James Farmer

Legal Commentary

From Violence to Redemption

Wednesday, March 15, 2017
Domestic (and other) violence rightly gets a lot of press these days.  It is now identified as one of the largest social problems in New Zealand with suggestions that we are among the worst countries in the world in this respect.  The message is loud and clear: “It is not OK” is the catch cry and who could responsibly take issue with that.  

What receives less attention however are its causes.  What leads an otherwise decent, honest, hard-working, sort of bloke to beat his wife or partner?   And, in the case of a bloke who is not decent, honest and hard-working and for whom violence is just part of his daily life, what led him into being that kind of person?   What also receives less attention is domestic violence committed by women – not necessarily, or even usually, physical violence but emotional violence that in itself can trigger physical retaliation.

These are important issues and lawyers can and should play a part in dealing with them.

What triggered me to say something on the topic arose this last weekend when on a weekend break in Queenstown I was walking through the Saturday morning market with a friend and noticed a man sitting quietly on a wall with a poster that read:

“Wearing the colour red, living by the ‘law of lawlessness’ and having the patch with the emblem of the mighty bulldog on your back was what ex-Mongrel Mob leader Tuhoe ‘Bruno’ Isaac called being True Red.  ‘Because all levels of society hated us we created a new society of hatred symbolised by the bulldog.  Its ferocious habits were engraved on our hearts,’ Tuhoe says.  ‘If you weren’t a mobster you weren’t worth knowing.’  He lived this way for 17 years.  

However, constantly living for the bash, beer, prison and the possibility of dying in a pool of blood eventually saw Tuhoe search for another way of doing life.  Leaving the mob was hard.  Not only did he face the rejection of his own and the fierce judgemental prejudices of mainstream society, but with the awakening of his conscience came the realisation of a past filled with inflicting pain on others besides himself, and of a life devoid of any sense of love or hope.  This led him down a path of confession, forgiveness and reconciliation.

True Red is the essential biography of one man’s fascinating journey from the realm of darkness into the world of light.”

The man sitting quietly on the wall had a pile of the book referred to – ‘True Red’ – beside him.  I turned to him and said pointing to the poster: “Is that you?”   He responded: “Yes, it’s a story that had to be told.”

I bought the book, which Tuhoe Isaac signed, and finished reading it 2 days later.(According to the book, purchases can be made from brunotuhoeisaac@gmail.com) The description in the last sentence of the poster was, if anything, an under-statement.  Although extremely well written it was not however an easy read.  The brutality of his early life both before and after joining the Mongrel Mob was shocking, even to a (reasonably) hardened lawyer who has seen through court cases much of the undesirable sides of human nature.

One sad feature of his childhood was frequent instances, from more than one person as he grew up, of sexual abuse (of which his parents were unaware) that ultimately led to his acceptance of that form of abuse as being normal and acceptable.   It is of course fairly well documented that the child victims of such abuse all too often become perpetrators of the same when they are adults.  

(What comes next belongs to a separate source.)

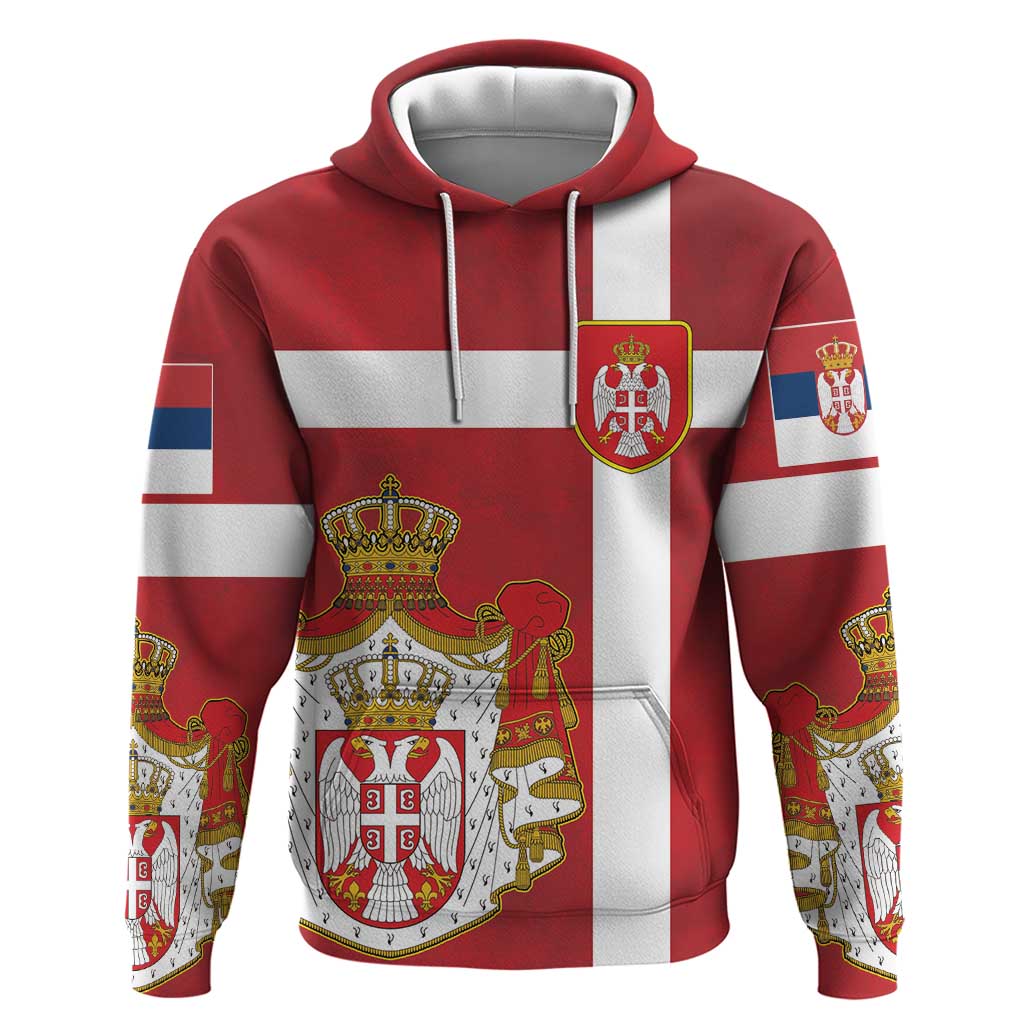 Serbia Hoodie Serbian Cross Eagle Tattoo DT03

The other effect of childhood sexual abuse (and probably of adult sexual abuse as well) is the effect that it has on the ability of the victim to enter into a loving relationship, perhaps from feelings of unworthiness or uncleanliness.    When I was practising at the Bar in New South Wales, I represented a young woman who had been gang raped and who later sought (and obtained) compensation under the criminal injuries compensation scheme.   As a result of her trauma, she bathed and washed herself several times a day and wore only white (including long white stockings) for years.  

Tuhoe's description of the predatory and demeaning behaviour of gang members, individually and more especially collectively, towards women does not descend into great detail but it is all the more powerful for that.  Many of the victims had clearly been rendered senseless by drugs and alcohol.  But, even today, he also expresses amazement at the numbers of young women who voluntarily entered and became part of the gang world knowing and accepting their fate which was one not only of sexual subjection but also one of being recipients of the "bash".  What issues and features of their own background and lives led them to offer themselves as lambs to the slaughter? One can only guess.

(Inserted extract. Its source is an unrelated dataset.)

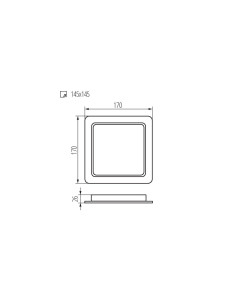 Oprawa downlight LED... 2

Tuhoe spent a number of periods in prison, one for being party to an offence of rape of which, after the Court of Appeal remitted for a new trial, he was eventually found not guilty.   That, he believed, was an instance where the fact of his membership in a gang led to police assumptions about his guilt and an unwillingness to investigate fully.

His ultimate redemption was the result of one of his sisters, a practising Baptist, finding him desolate and praying with him.   Although the path to his full redemption, as the poster said, had many pitfalls and wrong turns, he did over a number of years eventually change his life and went from, as he says, “the realm of darkness into the world of light”.

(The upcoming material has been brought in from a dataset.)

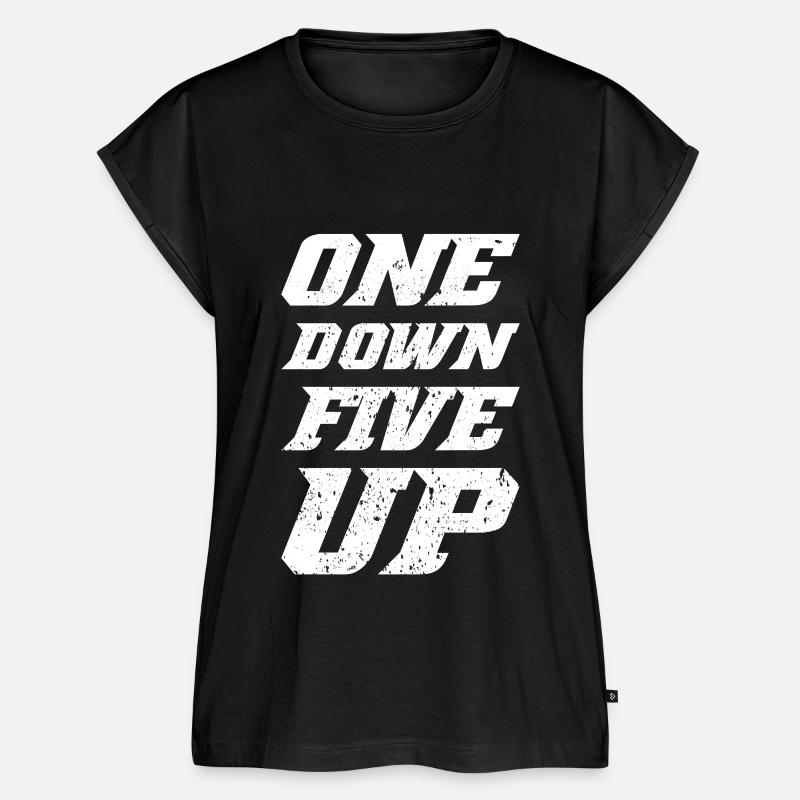 One Down Five Up - Haut bio Premium Femme - noir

He made a full, detailed, confession to the congregation of his church and took steps to seek forgiveness from many who he had wronged.   Although he doesn’t say so in the book, what one can read between the lines is that he is only too painfully aware that the harm that he and his fellow mob members did to others cannot be eradicated.  The victims of that harm will no doubt carry their wounds forever.  An apology and expression of regret may be more significant and beneficial to the wrongdoer than to the victim.  

The book brings to mind the film Once Were Warriors.  That was a story of the bash and of sexual abuse of a young girl by her uncle that led to her suicide.  It too was shocking.  

It is right that we are shocked by violence and abuse, in whatever form it exists.  Unless we are, we will become conditioned to it and accept that what is abnormal is somehow normal.   Does that mean longer sentences for the perpetrators of such crimes?  Maybe.  Maybe not.  But what it does mean is that we have to give a higher priority to addressing the social problems that lead to this phenomenon and a higher priority to research that will uncover and give us greater insights into its causes.